It’s been a hard week. Colleagues who did good journalism around me losing their jobs, and the business I love coming unglued.
We call it “the daily miracle,” somewhat sarcastically, because you see the chaos that sometimes sets in, around 6 in the evening, the false starts and confused discussions, the arguments over what are the good decisions and what are the bad ones, the frenzy of a hundred people trying to make sense of the day. And then, at dawn the next day, I pad out to the driveway, and there it is, wrapped in a plastic bag or girdled with that rubber band, all those people ready to engage in a conversation with me about what they learned.
For more mornings that can be counted over the last nearly two decades that I’ve lived in Albuquerque, the conversation began with Belshaw.

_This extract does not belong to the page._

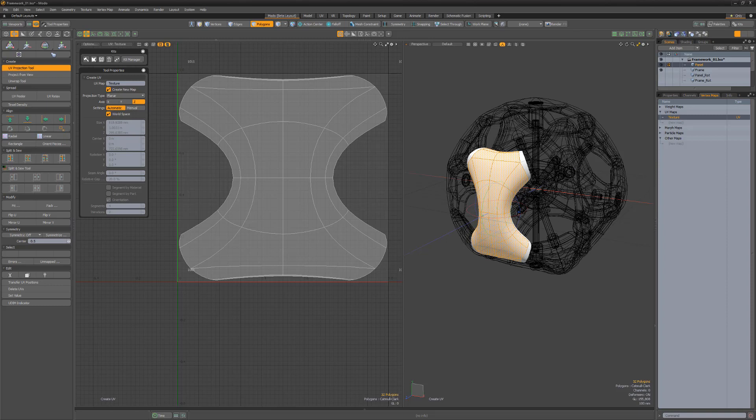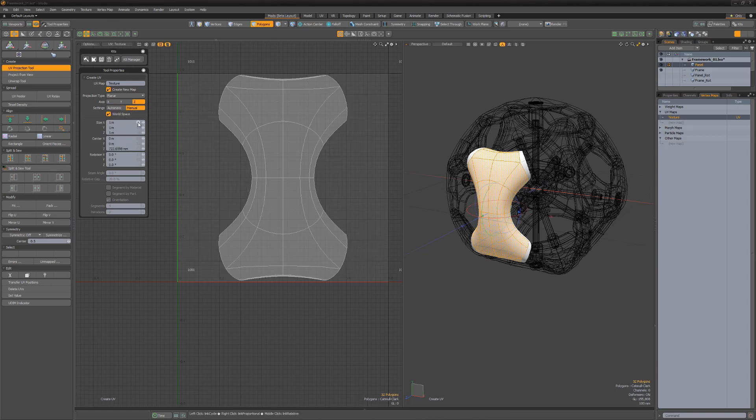While useful, this usually leads to undesirable results such as UV distortion. Changing settings to manual gives you access to the size, center, and rotation settings. These attributes enable you to define a specific projection that affects the overall size and orientation of the UVs.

It’s been an odd sort of three-part conversation, because Jim and I are good friends, so the conversation sometimes happens over lunch, or the phone, or the endless emails that Jim shoots out beginning at 5 am as he’s cruising the Internet.

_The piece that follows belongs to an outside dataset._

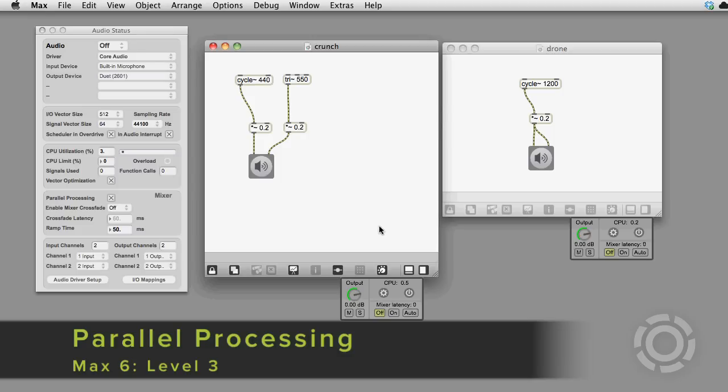Did you know you can play around with Max 6's multi-threaded audio editing options? Here's how you do it.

Today, the paper published Jim’s last conversation with Journal readers. Because my other conversations with him will continue (there was a 5 am email from Jim today, an interesting New York Times story about Ubuntu – Jim has voraciously eclectic tastes, and knows his audience well), my sadness is mitigated. I get my own personalized Belshaw.
But Jim embodied the conversation.
When I first came to the Albuquerque Journal, as a young journalistic pup imagining my future, I fantasized that I would one day have Jim’s job. It took me a long time spent trying to master my craft to realize that I could not do that job – that while I have the journalist’s conceit that I have something to offer, the personal conversation of Jim’s thrown on my driveway flows from a special gift (or, more accurately, a well-honed skill – nothing like that comes easy) that I do not have.
But I do hope that I can find a way to write usefully about swamp coolers. That is still my dream.
I read his column late last night, and felt both quite a bit older and more than a little bit scared about it all. The Internet isn’t ready to take this job over, and it’s just being left there, like some Styrofoam that isn’t fit for recycling and is too big to fit in the trash bin.
Their is a power to a multiplicity of voices, but there is also the very real power of a single voice who can be trusted, understood and “conversed with” over the years.
Or there was.
Hang in there, John.
Your writing about it John, made me well up.
Ken
Thanks, John.
And thank YOU, Jim! I will miss your inisght and beautiful prose.
Any chance of a Belshaw blog? His column was one of the main reason I read the Journal. Maybe he could all have a personalized Belshaw?
Jim’s departure will leave a huge hole in the Journal. I always loved reading his column whether or not I agreed with him (I usually did) – it was a touch of humanity amid all the news of the day.
My personal conversation with Belshaw began during my tenure at the New Mexico Daily Lobo about seven years ago. I ran into Jim one day on campus and, being a fan, called him “Mr. Belshaw” before asking for career advice.
“Call me Jim,” he said. ” ‘Mr. Belshaw’ is far too formal. And besides, we’re just a couple of crusty old newspaper hacks.”
I will miss his columns, his wit, his sense of humor, his quasi-socialist leanings (but not really) and the simple fact that I knew I could always count on him as the Official Downtown Bureau Curmudgeon. (Sorry, Mr. Gallagher, but Jim’s status was solidified one day about six or seven months ago when an indignant Belshaw — who had clearly been tap, tap, tapping his foot in anticipation of my arrival Downtown — emerged from his office in what can only be described as a flash. He was, for a man with a “92-year-old back,” a miracle of agility. “Mr. Proctor,” he said, his excitement palpable, “you, sir, had the quote of the day, no, make that the quote of the month, in this morning’s newspaper. Let me get this straight, make sure I’m not missing anything and that I fully understand the context … Did the spokesperson for the United States Postal Service REALLY tell you that the document you requested was, indeed, a matter of public record, but it was her policy NOT to give it to you?” I replied in the affirmative, then read with much pleasure Jim’s ensuing column enlightening us all on his distaste for “quasi-governmental entities.”)
Beware, all … With Belshaw gone, GWME. (For those who don’t recall, that’s acronym-ese for “Gusty Winds May Exist.”)
I’ll miss you, friend.
Not Belshaw! Enough to make every elephant cry.
New media punditeers had it figured that uniquely local papers like the Journal just might miss the Web tsunami/ad black hole that’s obliterating larger papers like the LA Times. What rotten luck.